>>

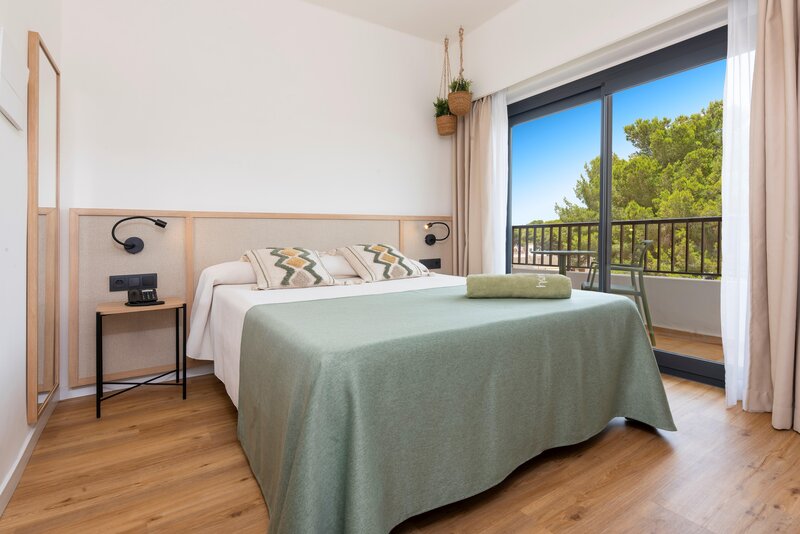 HSM Venus Playa 64 - Room Example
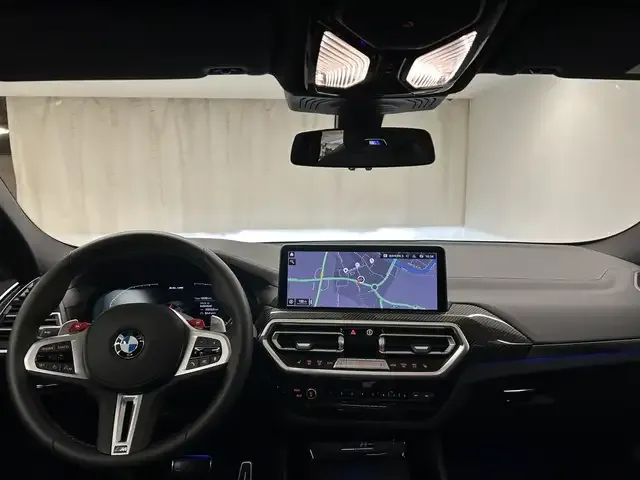 BMW X4 M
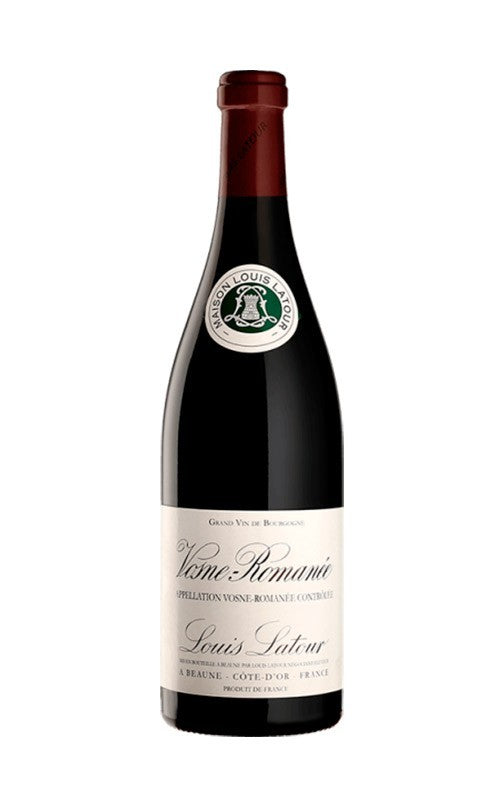 Louis Latour Vosne-Romanée 2017 - En Copa de Balón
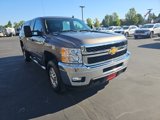 Used 2013 Chevrolet Silverado 2500 LT w/ Interior Plus Package image 5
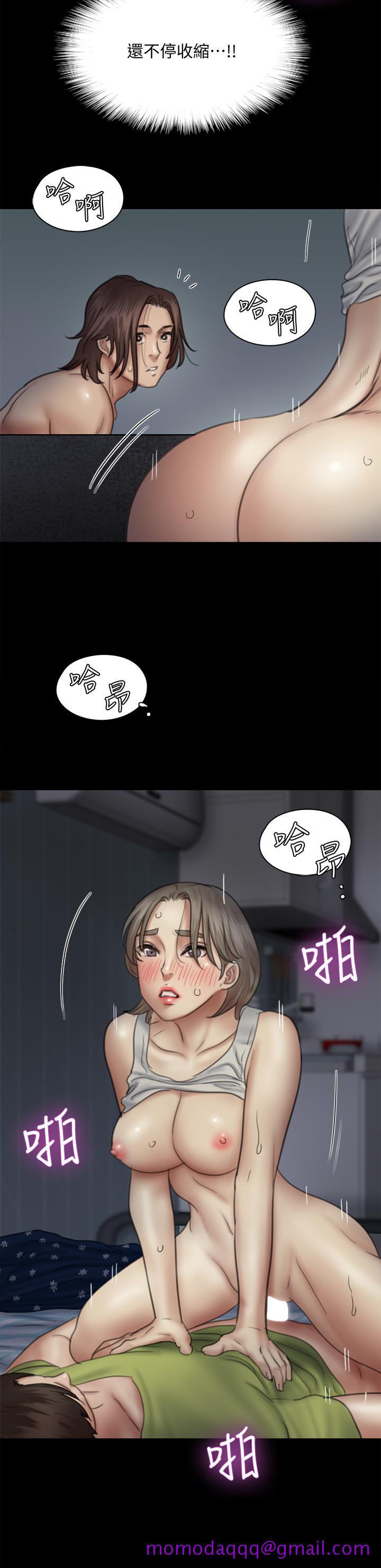 偶像女优[h漫]韩漫全集-偶像女优-第36話-偷偷來无删减无遮挡章节图片 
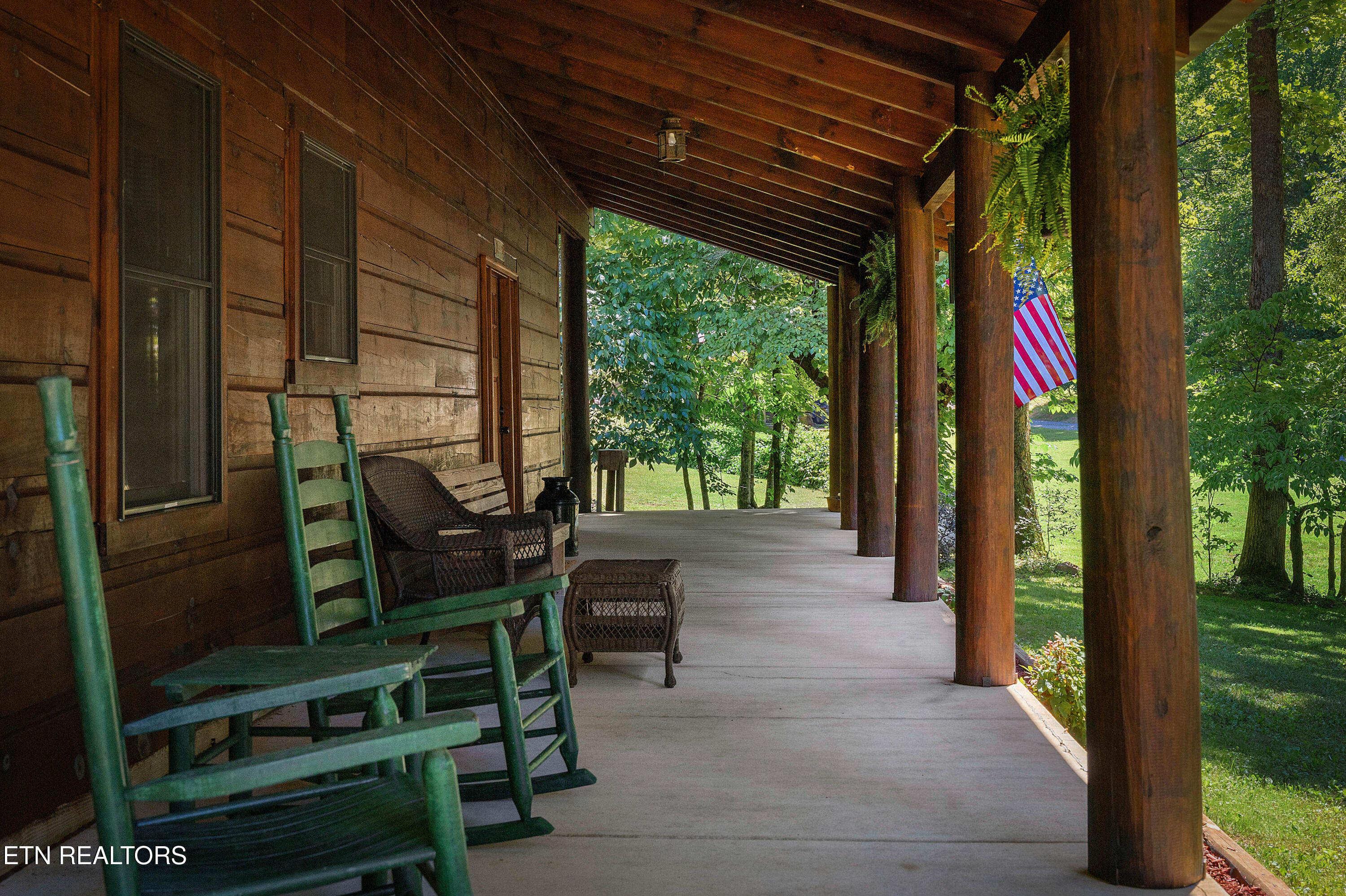 1151 Chestnut Valley Road Vonore TN 37885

<<

* **DIRECTIONS**:
Begin at the line containing "Used 2013 Chevrolet" and stop at the last line of the data. Repeat only those lines, exactly, and leave out the pictures.

* **OUTPUT FOR THIS EXERCISE**:
 Used 2013 Chevrolet Silverado 2500 LT w/ Interior Plus Package image 5
 偶像女优[h漫]韩漫全集-偶像女优-第36話-偷偷來无删减无遮挡章节图片 
 1151 Chestnut Valley Road Vonore TN 37885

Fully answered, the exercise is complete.